Booging: Booging
In philgoucou/bagofprunes: Booging and MARSquake

Description Usage Arguments Value Author(s) References Examples

View source: R/PGC_Bag_of_Prunes_v200829.R

Booging is bagged and perturbed ensemble of completely overfitting Gradient Boosted Trees (GBT) base learners. There is a data augmentation option which can be activated to enhanced perturbation's potential when only few features are available. As argued in the paper referenced below, proper randomization will implicitly deliver the optimally tuned GBT (in terms of stopping point). Hence, like for Random Forests, cross-validation is not necessary to avoid overfitting. However, it is not impossible that tweaking some randomization hyperparameters could marginally increase performance. Currently, the function only supports regression. For more details and thorough explanations see appendix A.2 in the paper.

1
2
3

Booging(y,X,X.new,B=100,mtry=0.8,sampling.rate=.75,
        data.aug=FALSE,noise.level=0.3,shuffle.rate=0.2,fix.seeds=TRUE,
        bf=.5,n.trees=1000,tree.depth=3,nu=.3)

`y`	training target
`X`	training features
`X.new`	features for test set prediction
`B`	number of ensemble members
`mtry`	fraction of randomly selected features considered for each base learners
`sampling.rate`	subsampling rate
`data.aug`	Should we augment the feature matrix with two noisy pseudo-carbon copies of X?
`noise.level`	Standard deviation of the Gaussian noise added to the continuous variables copies of X (when data.aug=TRUE). Note that X's are standardized beforehand.
`shuffle.rate`	Controls the fraction of observations being shuffled for non-continuous regressors when data.aug=TRUE.
`bf`	Bag fraction – option on base learners. See "GBM" package.
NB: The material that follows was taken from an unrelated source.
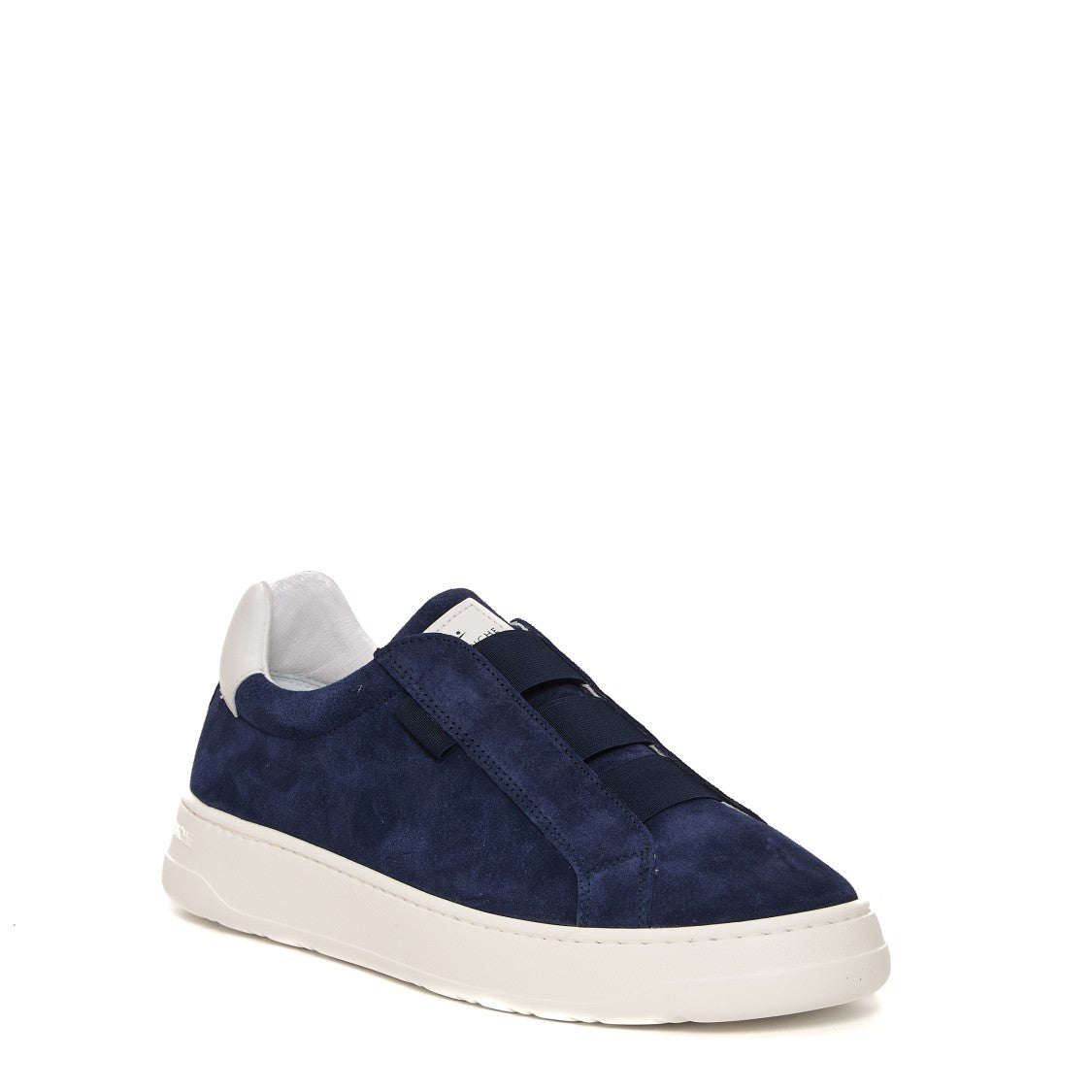 Voile Blanche Deep Blue Suede Slip-On Sneakers With White Rubber Sole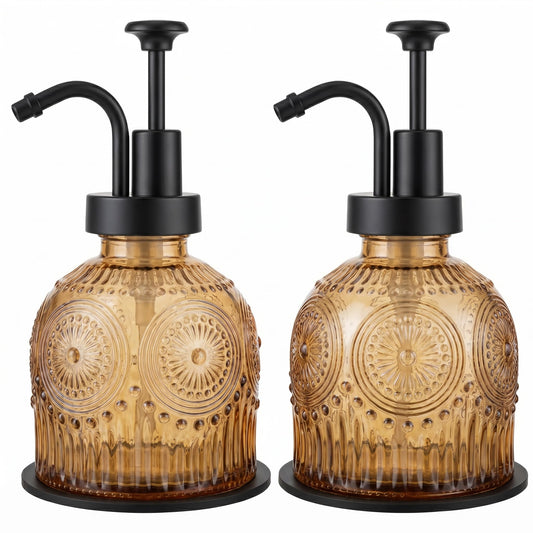 Vintage Glass Soap Dispenser 2 Pack for Bathroom Kitchen, with Black Pump and Non-Slip Mat, Refillable for Hand Soap, Dish Soap, Lotion, Shower Gel, Modern Farmhouse Decor (8 oz, Brown)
Important that bf<1 to produce randomization in the model-building process.
`n.trees`	Option on base learners. See "GBM" package. The whole point of the related paper is that there is little to no benefits in tuning the number of trees. We can have a huge number of them (the definition of huge depends on "nu" parameter) and let them bring the in-sample R^2 to 1 without harm out-of-sample.
`tree.depth`	Option on base learners. See "GBM"package.
`nu`	Option on base learners. See "GBM"package. A relatively high "nu" usually helps randomization. Values between 0.1 and 0.3 are recommended.
`fix.seeds`	for replicability

The function returns a vector binding (in this order) training set fitted values and test set predictions.

Philippe Goulet Coulombe

Related paper is available at https://arxiv.org/abs/2008.07063.

set.seed(200905)
K=5
dat=matrix(rnorm(K*200),200,K)
test=101:200
train=1:100

X=dat[train,2:K]
X.new=dat[test,2:K]
y=crossprod(t(X),rep(1,(K-1)))+dat[train,1]
y.new=crossprod(t(X.new),rep(1,(K-1)))+dat[test,1]

output=Booging(y,X,X.new)
benchmark = sqrt(mean((mean(y)-y.new)^2))
sqrt(mean((output[test]-y.new)^2))/benchmark

output=Booging(y,X,X.new,data.aug =TRUE)
sqrt(mean((output[test]-y.new)^2))/benchmark